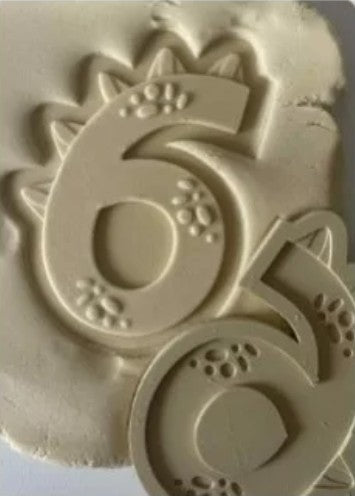 Dino Number 6 cookie cutter and stamp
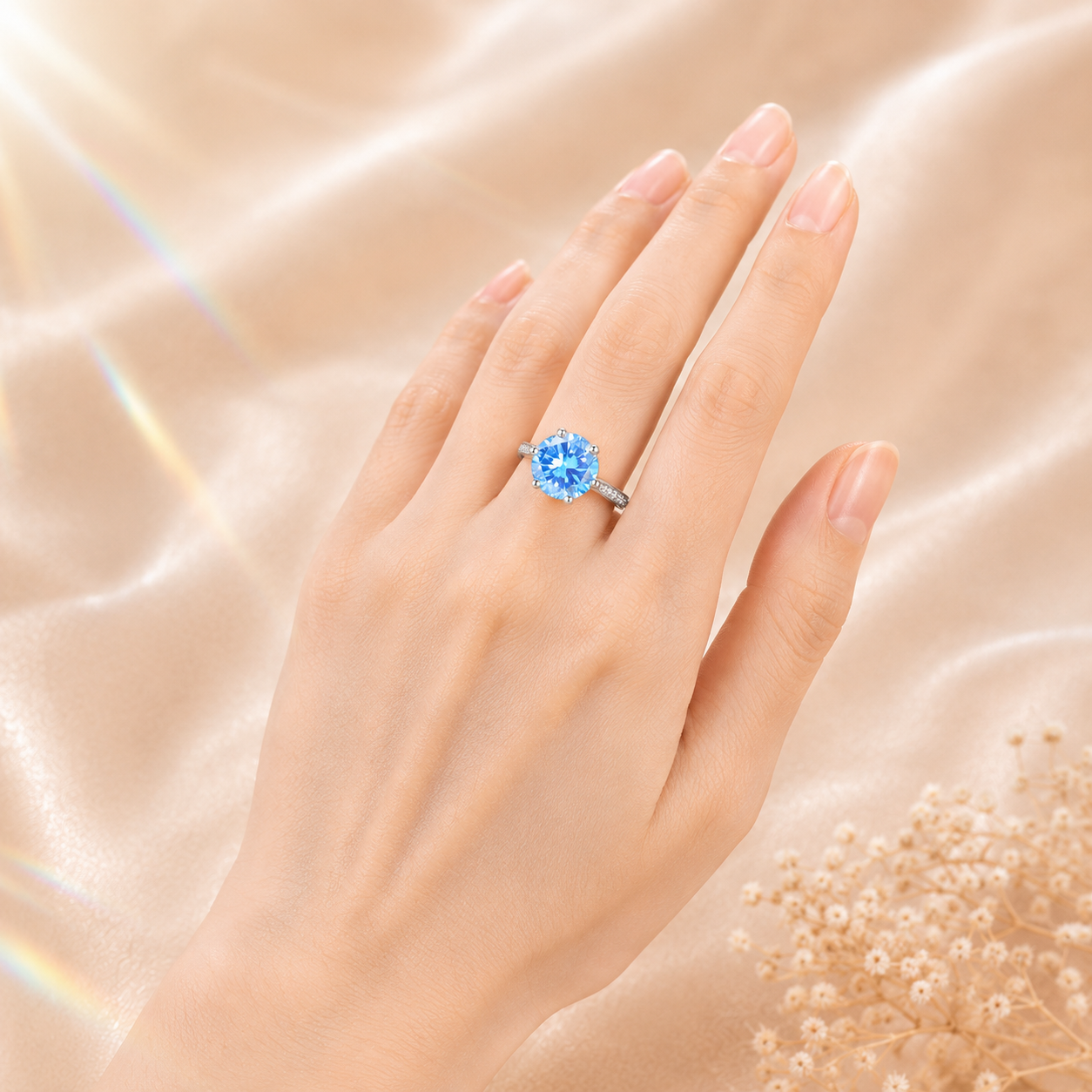 Ocean Blue Clarté 2 Carat Six-Prong Colored Moissanite Ring — worn styling view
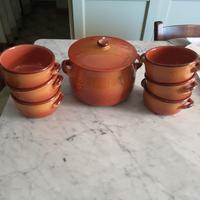 pentola coccio + 6 ciotole 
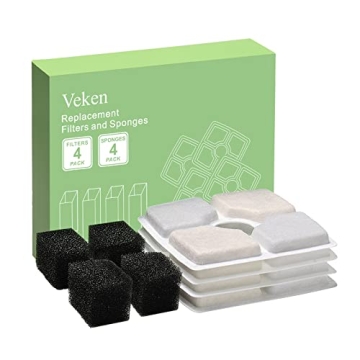 Veken Replacement Filters & Pre-filter Sponges for 84oz Pet Fountain - 8 Pack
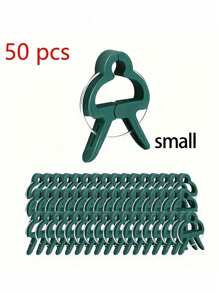 50pcs Reusable Green Plant Support Clips - Adjustable Garden & Greenhouse Brackets For Vines, Flowers, Seedlings, And Tomatoes - Durable Green Plastic With Metal Clasps For Secure Plant Growth, Garden Support Accessories | Secure Gardening Clips | Reusable Garden Clips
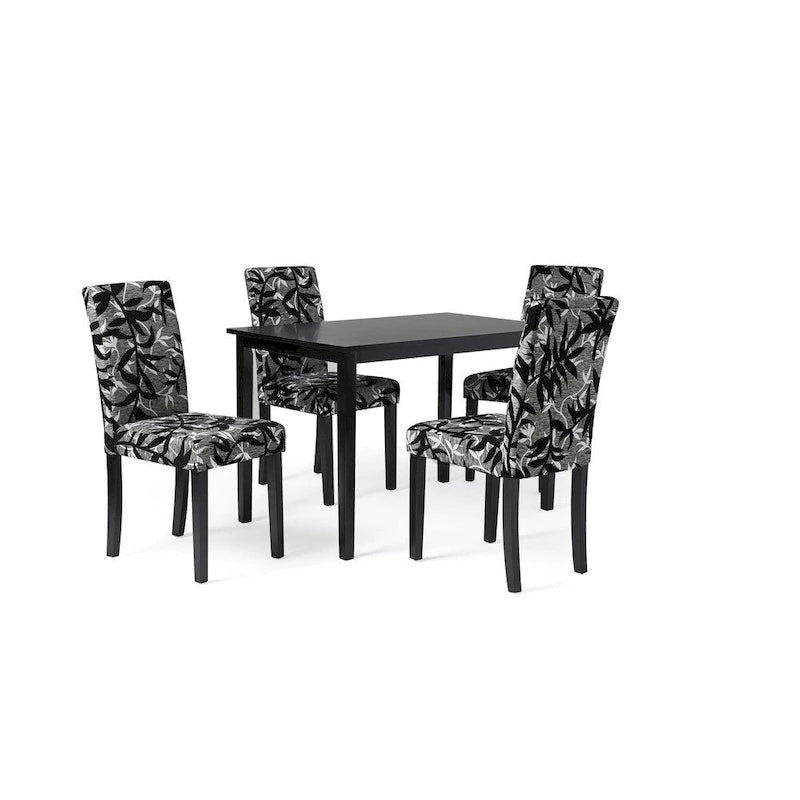 Set da pranzo di 5 pezzi con tavolo e sedie Simple Living Parson, nero e argento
########
[AIM OF THE EXERCISE] Skipping the images, write out the whole listing exactly.

[RESULT]
 Dino Number 6 cookie cutter and stamp
 Ocean Blue Clarté 2 Carat Six-Prong Colored Moissanite Ring — worn styling view
 pentola coccio + 6 ciotole 
 Veken Replacement Filters & Pre-filter Sponges for 84oz Pet Fountain - 8 Pack
 50pcs Reusable Green Plant Support Clips - Adjustable Garden & Greenhouse Brackets For Vines, Flowers, Seedlings, And Tomatoes - Durable Green Plastic With Metal Clasps For Secure Plant Growth, Garden Support Accessories | Secure Gardening Clips | Reusable Garden Clips
 Set da pranzo di 5 pezzi con tavolo e sedie Simple Living Parson, nero e argento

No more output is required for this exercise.